Exercise materials -

+ + +

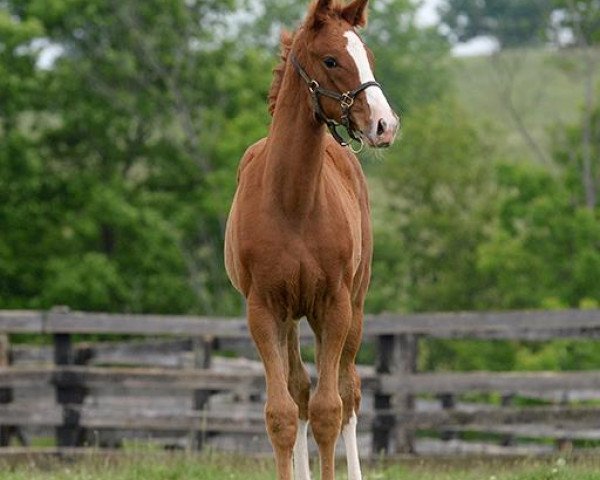 horse All Net xx (Thoroughbred, 2015, from Graydar xx)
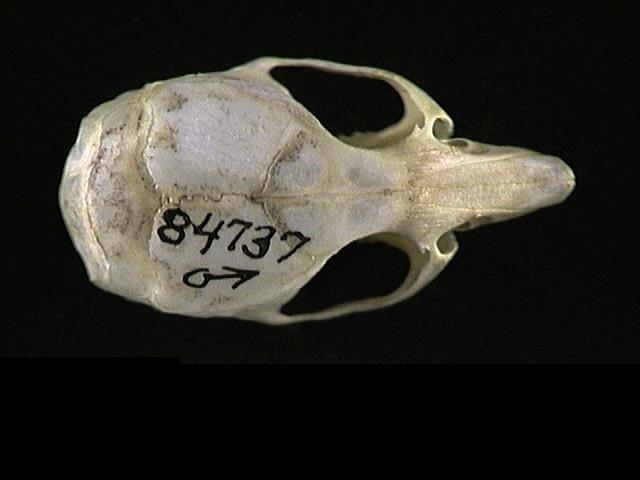 84737.dorsal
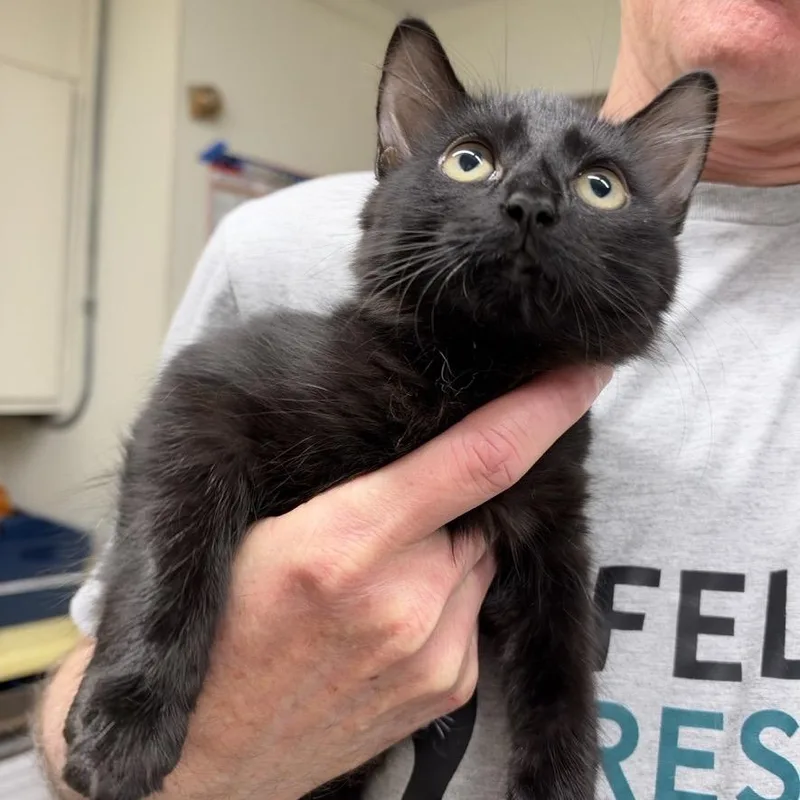 A baby small-sized female Black Domestic Short Hair cat named Shinji for adoption in Colorado Springs, CO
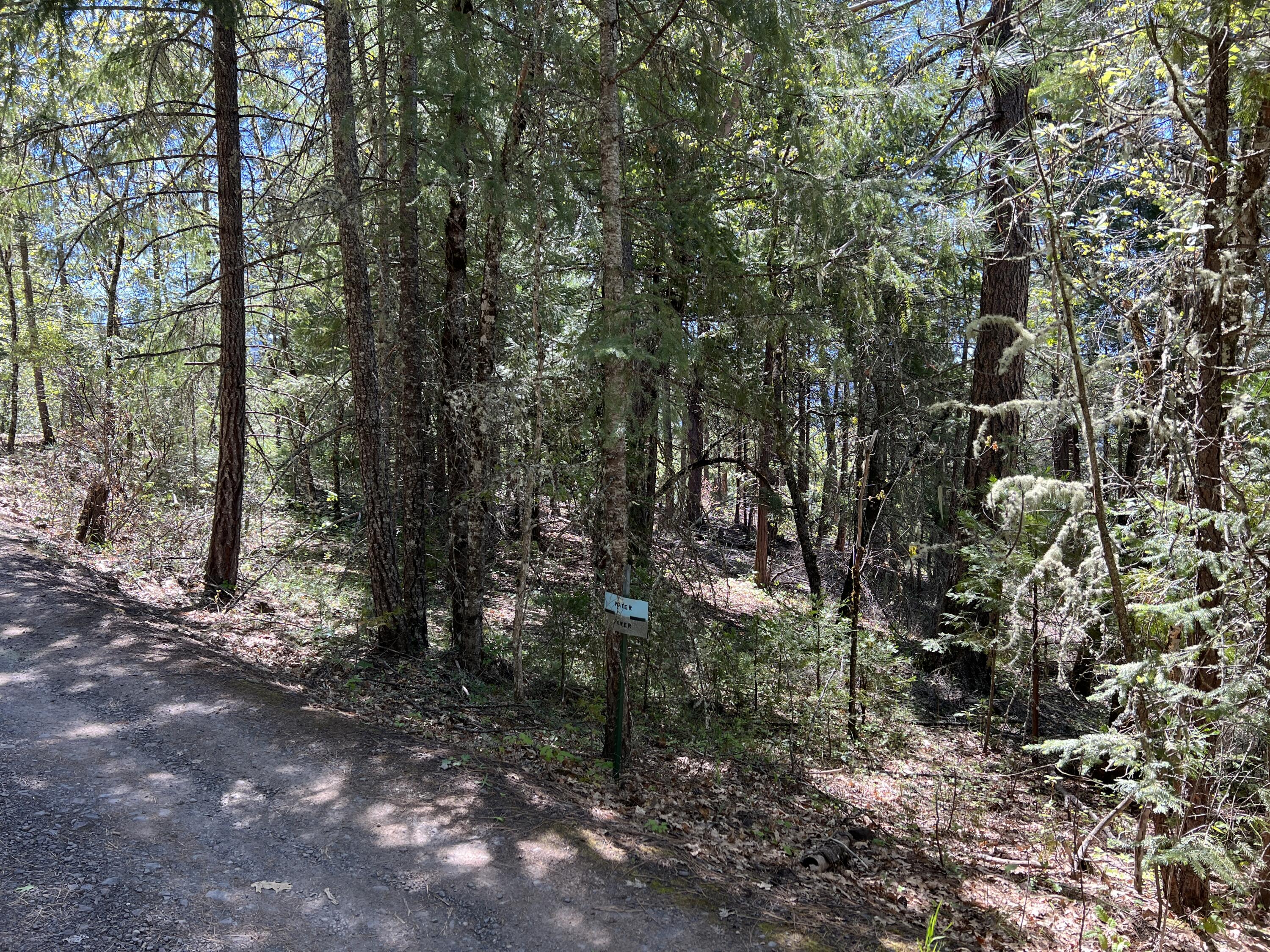 347 Flounce Rock Road Prospect, OR 97536 - Photo 3 of 12 IMG_2302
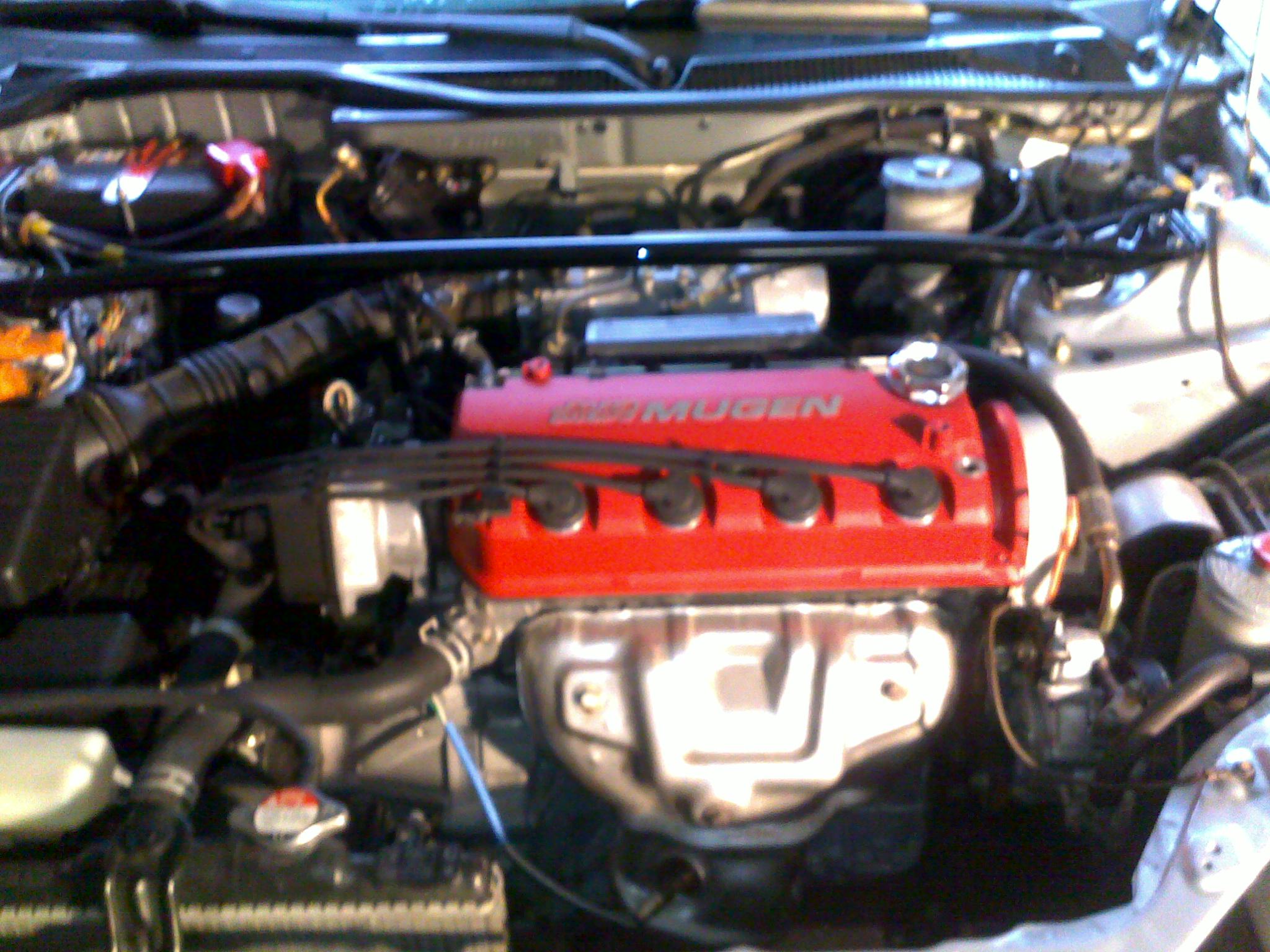 03072010279.jpg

+ + +

Aim of the exercise - Locate "A baby small-sized" in the entries above. Copy, exactly and only, the lines from that line to the end, leaving out the pictures.

Result below -
 A baby small-sized female Black Domestic Short Hair cat named Shinji for adoption in Colorado Springs, CO
 347 Flounce Rock Road Prospect, OR 97536 - Photo 3 of 12 IMG_2302
 03072010279.jpg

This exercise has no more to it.